Detoksifikasyon ve tedaviden önce içmekten kaçınmak, ilacın etkilerini arttırır ve tedaviyi daha etkili hale getirir.

2006 Alman Çalışması Hakkında Daha Fazla Bilgi

Dokuz yıllık Antabuse ve Temposil çalışması, Almanya'daki Max-Planck-Institute of Medicine of Medicine'de klinik nörobilimin başkanı olan Hannelore Ehrenreich tarafından yönetildi.

Çalışma, ilacın etkilerinden ziyade uzun süreli tedavinin psikolojik etkilerine odaklanmıştır. Her iki ilaç da Amerika Birleşik Devletleri'nde olduğundan daha yaygın olarak kullanılmaktadır.

Alkol verildiğinde her iki ilaç da vücut üzerinde olumsuz etkilere neden olabilir.
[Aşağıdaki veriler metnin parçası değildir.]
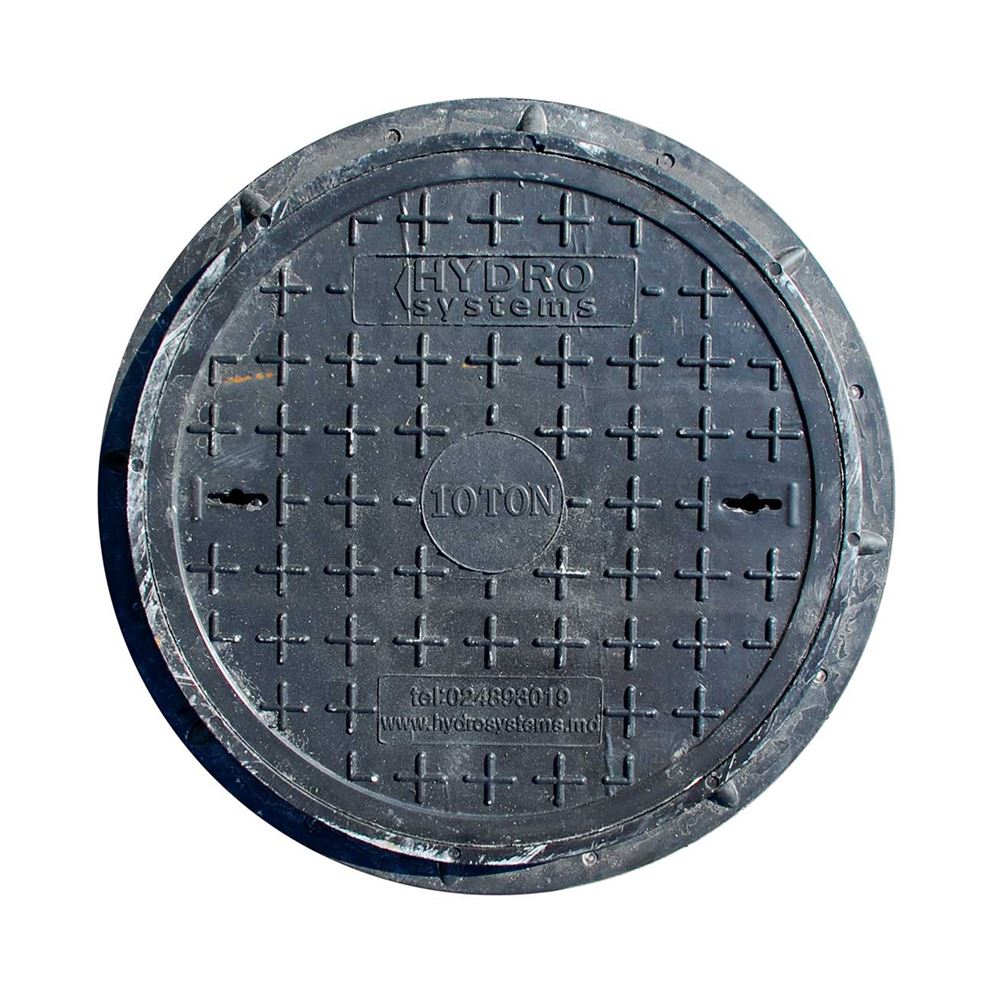 Capac canalizare plastic, DN700, 10t - GRI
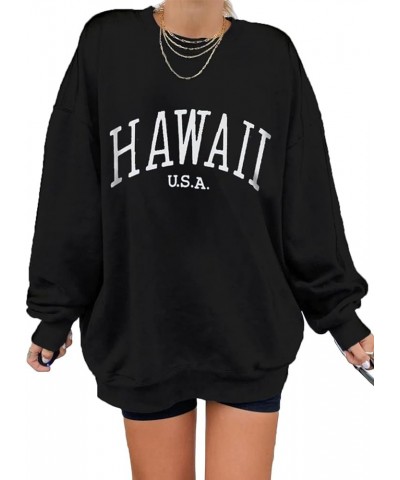 Womens Vintage Basic Oversized Crewneck Long Tunic Sweatshirts Pullover Tops B Hawaii Black $22.16 Hoodies & Sweatshirts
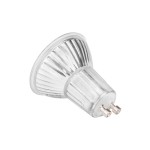 Żarówka LED GU10 o mocy 6W, emitująca neutralne białe światło (4000K). Ma metaliczny korpus z wypukłą powierzchnią i dwa stalowe pinowe złącza. Ujęcie z boku, ukazujące detale konstrukcji.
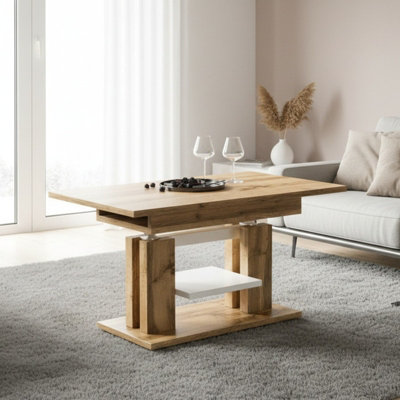 Extendable And Height Adjustable Coffee Table Iso Wotan Oak White Shelf Silver Crossbar from B&Q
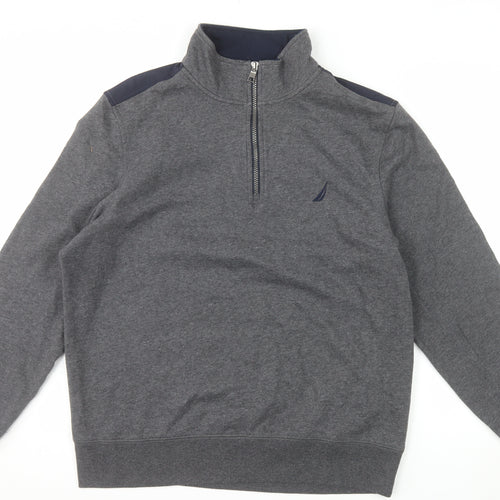 Nautica Men's Grey 1/4 Zip Pullover Sweatshirt Size L Fleece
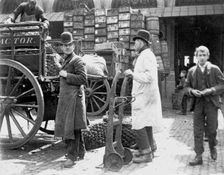 Unloading at Billingsgate Market, London, 1893. Creator: Paul Martin
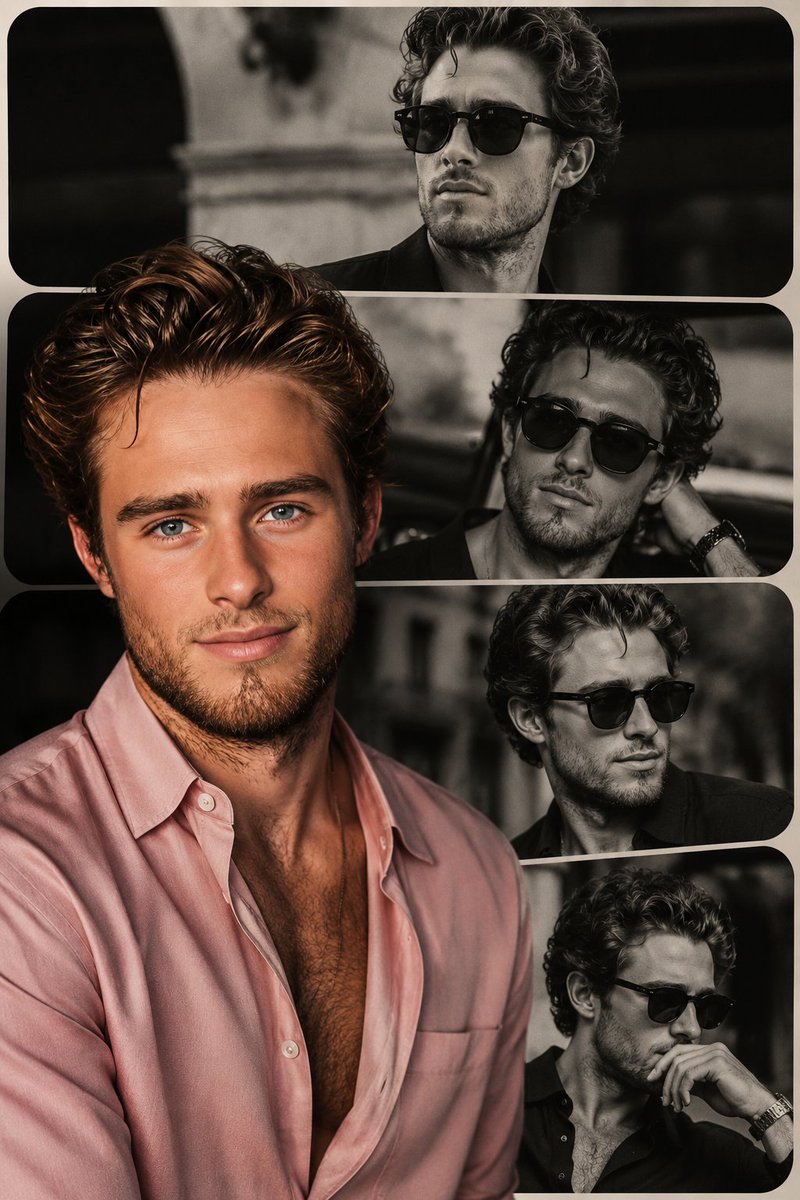 High-end portrait collage poster in vertical format. The background contains four layered rounded strips displaying bla…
Alkol tüketildikten hemen sonra, diğer kusurlu belirtilerle birlikte sürekli kusma, zonklama baş ağrısı, solunum sıkıntısı ve yarış kalp atışı gibi şiddetli belirtilerle birlikte ağır bir "kalıntı" hissetmenize neden olabilirler.
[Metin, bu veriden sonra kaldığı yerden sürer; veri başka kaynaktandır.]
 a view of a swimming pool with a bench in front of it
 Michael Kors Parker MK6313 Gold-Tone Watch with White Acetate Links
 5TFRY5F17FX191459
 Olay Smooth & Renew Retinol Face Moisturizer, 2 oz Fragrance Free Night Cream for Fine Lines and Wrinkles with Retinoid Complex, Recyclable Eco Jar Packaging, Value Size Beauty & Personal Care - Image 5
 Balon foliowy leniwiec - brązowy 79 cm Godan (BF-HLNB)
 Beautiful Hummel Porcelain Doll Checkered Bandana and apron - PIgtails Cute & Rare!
Ehrenreich, "Çalışılan hastalar arasında yüzde 50'den fazla bir yoksunluk oranı bulduk." Dedi. "Alkol deterrentlerinin uzun süreli kullanımı iyi tolere edilmiş gibi gözüküyordu. Yirmi altı aydan fazla süreyle alkol kullananlarda abstinens oranları 13 ila 20 ay arasında insizyonu olan hastalarla karşılaştırıldığında daha iyi idi."

Yoklukta Psikolojik Rol

Alman araştırmacılar, anti-alkol ilaçlarının, nüks önleme konusunda oynayabilecekleri psikolojik rolün, ilaçlarla elde edilen uzun süreli yoksunluğun yoksunluk alışkanlığına yol açtığını desteklediklerini belirtti.
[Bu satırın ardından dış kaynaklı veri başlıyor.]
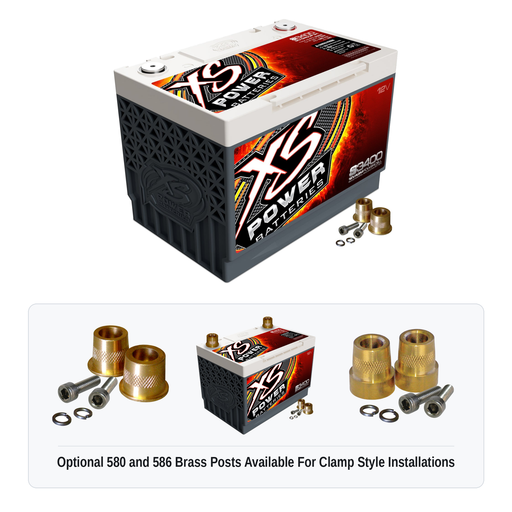 XS Power S3400 Group 34 12V AGM racing battery with optional 580 and 586 brass post adaptors for clamp style installations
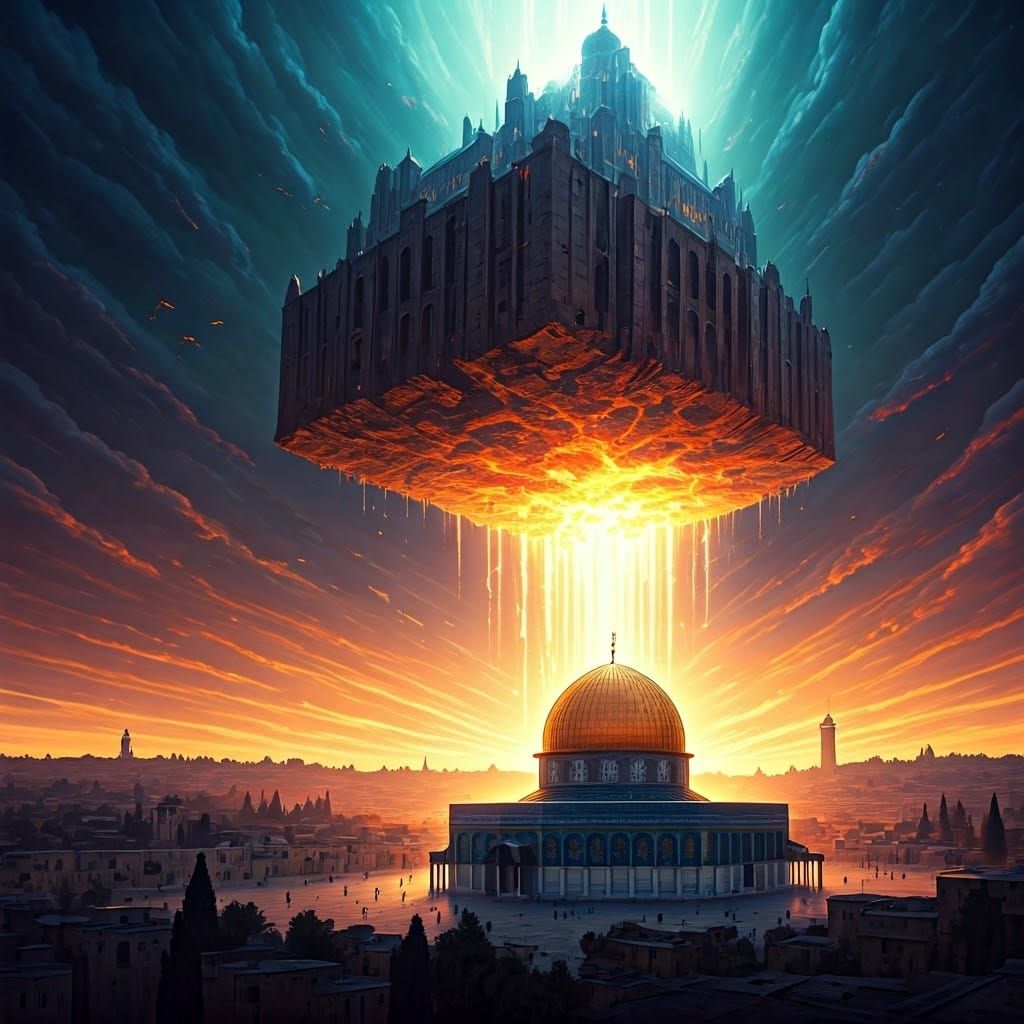Divine Temple Descends in Blazing Glory, Illuminating the Do...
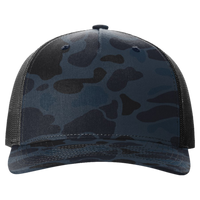 Richardson Printed Five-Panel Trucker Cap, Admiral Duck Camo / Black, Front view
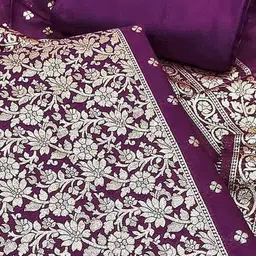 peachmode Women Floral Pattern Unstitched Dress Material image 2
Anti-Alkol İlaçlar Neden Çalışır?

Alkol karşıtı ilaçlar açıkça alkol kullanımını engeller. Alman araştırmacılar, anti-alkol ilaçlarını kameraları hızlandırmak (trafik) için karşılaştırdılar.

Ehrenreich, "İnaktif kameraların da caydırdığını biliyoruz, ancak sadece sürücüler kendilerini test etmedikçe aktif olmadıklarını bilemezler. Her iki bağlamda insanlar deneyi yapmakta isteksizler." Dedi.

Uzun süreli çözüm

Şiddetli alkolizm kronik ve tekrarlayan bir durumdur. Araştırmacılar, uzun süreli tedavinin ardından yaşam boyu kontrol seansları ve kendi kendine yardım gruplarının katılımının gerçekten iyileşmeye yol açan şey olduğunu öne sürüyorlar.

> Kaynaklar:

> Krampe H, Stawicki S, Wagner T, ve diğ. (Ocak 2006). "Ayakta Tedavi Sonrası 7 Yıla Kadar 180 Alkolik Hastanın Takibi: Alkol Deterjanlarının Sonuca Etkisi." Alkolizm: Klinik ve Deneysel Araştırma . 30 (1): 86-95.

> Maisel N, Blodgett J, Wilbourne P, Humphreys K, Finney J. > Alkol Kullanım Bozukluklarının Tedavisinde Naltrekson ve Akamprosat Meta Analizi: Bu İlaçlar En Yararlı Ne Zaman? > Bağımlılık . 2013 Şubat; 108 (2): 275-229.